Pour en revenir au susnommé Christophe Colomb et aux conséquences de ses découvertes, il faut se rappeler qu’en 1537, le pape Jules III publia une bulle qui reconnaissait aux Indiens non seulement une âme et la pleine qualité d’Hommes, mais qui interdisait aussi qu’on les réduisît en esclavage, qu’ils adoptassent la foi catholique ou pas ! Cette bulle s’inscrivait d’ailleurs dans la lignée du testament d’Isabelle la Catholique (1504), interdisant déjà toute forme d’esclavage des Indiens, Indiens à qui on avait donc reconnu la dignité d'êtres humains. La question posée était fort logique tant cette nouvelle humanité différait de l’ancienne.
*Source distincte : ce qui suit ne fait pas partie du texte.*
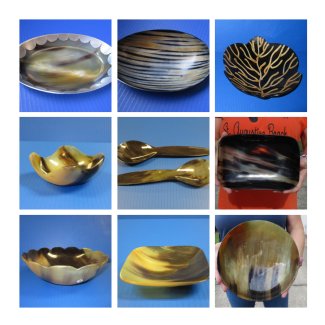 Horn Bowls, Trays, Spoons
Il y avait tellement peu de points communs entre « eux » et « nous » qu’il fallut de doctes débats pour décider du caractère humain de ces gens-là, moins évident alors qu’il ne l’est aujourd’hui pour nous, malins comme nous sommes (par symétrie, les Indiens en arrivèrent à noyer un soldat espagnol pour s’assurer que celui-ci était un homme, et non un dieu immortel – sage précaution). Eh bien, je prétends que si les Espagnols du XVIème siècle avaient connu nos sportifs de tapis roulants et nos chanteurs-pour-Belzébuth, ils eussent prolongé leurs débats bien plus longtemps et, qui sait, abouti à d’autres conclusions.